William Meredith: William Meredith: Grand Canyon National Park

from “At the Confluence of the Colorado and the Little Colorado”

Where the two rivers come together – one cold,
one desert-warm – the party beached the raft to swim.
A blue aileron, looking new, lay on the bank
and Dennis put his shirt and bluejeans in it,
out of the wind that had blown his hat away.
Across the canyon, silver in the sun,
the fuselage glinted. The wreck was ten years old,
two liners that had come together in broad day,
dropping their metal feathers
and two tribes of travelers who settled then
where the wind told them to settle.

About the Author

William Meredith

Prize winner, 1988

William Meredith was born in New York City in 1919, graduated from Princeton in 1940, and served as a naval aviator during the Second World War.

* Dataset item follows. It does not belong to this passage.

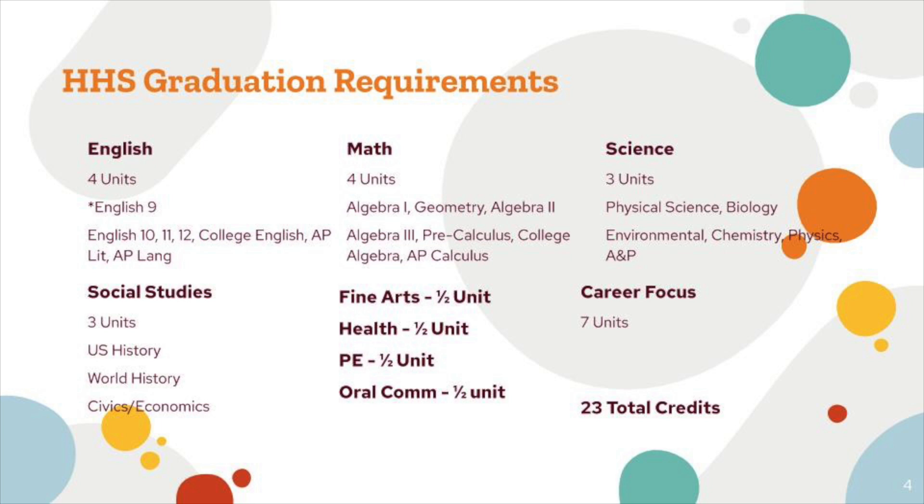We have a variety of English classes offered. We have English 9 and we also offer some pre-AP classes. As 11th and 12th graders, you can take Comp 1 and 2 if you've taken the ACT or the Accuplacer and receive dual credit for high school and college. In college classes you receive one full credit per semester, where high school credit classes like English 12 you would receive a full credit after taking a year-long course.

During his service, his first book of poems, Love Letter from an Impossible Land, was published. After teaching for a few years while still in the U.S. Navy Reserves—first at Princeton, then at the University of Hawaii—Meredith returned to the Navy as a pilot in the Korean War. Always writing and publishing poetry, he went on to win a Pulitzer Prize (for Partial Accounts: New and Selected Poems) as well as the National Book Award (for Effort at Speech: New and Selected Poems), among other prizes and distinctions. Meredith served as a chancellor of the Academy of American Poets and as a consultant in poetry to the Library of Congress.